Past the front door, a set of doors off the main hall reveals a courtyard. At its focal point is a decades-old Chinese elm. The tree produces a canopy that filters sunlight, creating a cool area that allows shade ferns and philodendrons to coexist with jasmines, Japanese maples, succulents, and plumeria. “The trees are deciduous so it feels seasonal, which is a rare thing in California,” says Shamshiri.
The home's central hallway leads from the courtyard to the backyard, which can also be accessed from a multipurpose deck. The 575-square-foot, L-shaped space—with a redwood kitchen-garden container exploding with edibles from Jimmy Williams of Hayground Organic Gardening in Los Angeles—serves as an open-air living and dining room. A pair of metal-and-rope midcentury rocking chairs by Blackman Cruz Workshop, as well as a table and ceramic piece by Stan Bitters, flank the monolithic fireplace.
This phase of the redesign was simple compared to what needed to be done on the other side of the deck. The land fell off precipitously into a hillside tangled with debris. Developing that landscape, Brown faced his greatest challenge. After spending a week visiting the space to observe the sunlight at all hours of the day, he cleared the hillside and trucked in 40 cubic yards of soil to raise the bottom of the slope nearly 4 feet.

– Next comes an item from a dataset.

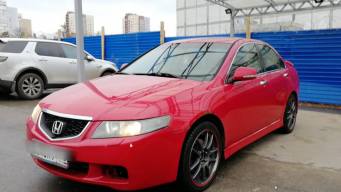 Honda Accord VII 2.4 AT (190 л.с.) [2005]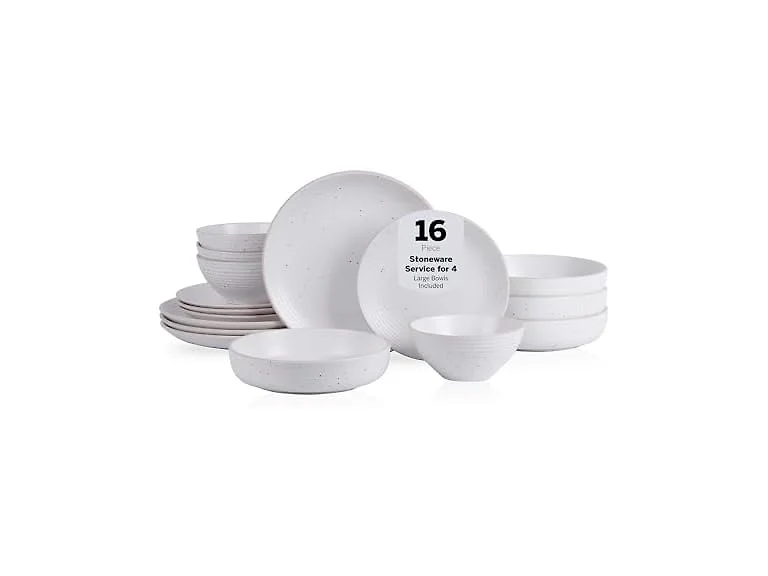 Stone Lain Lauren Stoneware, Rustic Set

The new grade allowed for a flat area, a rarity for hillside homes in Los Angeles, with a shade-tolerant Marathon 1 fescue lawn where the kids can play soccer. Podocarpus gracilior (fern pines) border the area, providing a screen for privacy. “Their Asiatic form really fit with the style of the house,” Brown says.
Tom and Jenny wanted the space for the children, but Brown was able to add an area where grown-ups could gather: a circle of gravel with four wood-and-string chairs. To link the two elevations, he sculpted flowing steps from the same stones he used in the front—Colorado Moss cobblestones and Del Rio pebbles—with enchanting results.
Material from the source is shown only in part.